The fate of the Moors, Africans and the Indians, however, remains an enduring mystery. There is no record of them reaching England. “Drake thought he was going to find a flourishing colony on Roanoke, so he brought a labor supply,” says New York University historian Karen Kupperman. She and other historians believe that many of the men and women captured in Cartagena were put ashore after the storm.
Drake was always eager to make a profit from human or material cargo, and not inclined to liberate a valuable commodity, but there was little market in England for enslaved persons. To make room for the Roanoke colonists, he may well have dumped the remaining men and women on the Carolina coast and sailed away. Some of the refugees may have drowned in the hurricane.
Less than a year later, a second wave of English settlers sailed to Roanoke—the famous Lost Colonists--but they made no mention of meeting hundreds of refugees. The Cartagena captives might have scattered among the local Native American population to avoid detection by the slave raiders who prowled the North American coast in the 16th century.
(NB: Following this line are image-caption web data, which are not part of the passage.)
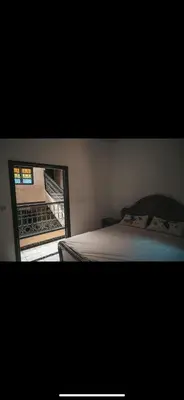 a bedroom with a bed and a view of a balcony at chambres Marrakech in Marrakech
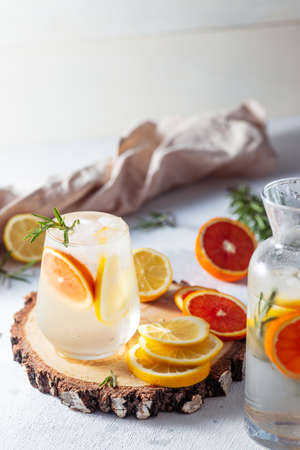 A glass and a decanter of lemonade. Lemon and grapefruit slices with rosemary leaves in a drinkの写真素材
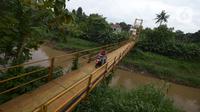 Pengendara motor melintasi jembatan gantung Kuning yang menghubungkan Pasar Minggu Poltangan ke Cililitan Condet, Jakarta, Selasa (28/12/2021). Jembatan gantung dengan panjang 40 meter di atas sungai Ciliwung tersebut baru baru ini dijadikan lokasi foto untuk konten medsos. (merdeka.com/Imam Buhori)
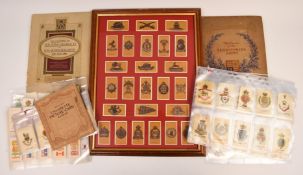 A collection of military paper and silk cigarette cards including a mounted display of colonial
The new colonists were themselves abandoned in the New World and never heard from again—including Virginia Dare, the first English child born in America.
The Jamestown settlement that followed adopted a policy similar to that of the Spanish with regards to Muslims. Christian baptism was a requirement for entering the country, even for enslaved Africans, who first arrived in Virginia in 1619. In 1682, the Virginia colony went a step further, ordering that all “Negroes, Moors, mulattoes or Indians who and whose parentage and native countries are not Christian” automatically be deemed slaves.
Of course, suppressing “Islamic leanings” did little to halt slave insurrections in either Spanish or British America. Escaped slaves in Panama in the 16th century founded their own communities and fought a long guerilla war against Spain. The Haitian slave revolt at the turn of the 19th century was instigated by and for Christianized Africans, although whites depicted those seeking their freedom as irreligious savages. Nat Turner’s rebellion in Virginia in 1831 stemmed in part from his visions of Christ granting him authority to battle evil.
The real threat to peace and security, of course, was the system of slavery itself and a Christianity that countenanced it. The problem wasn't the faith of the immigrants, but the injustice that they encountered on their arrival in a new land.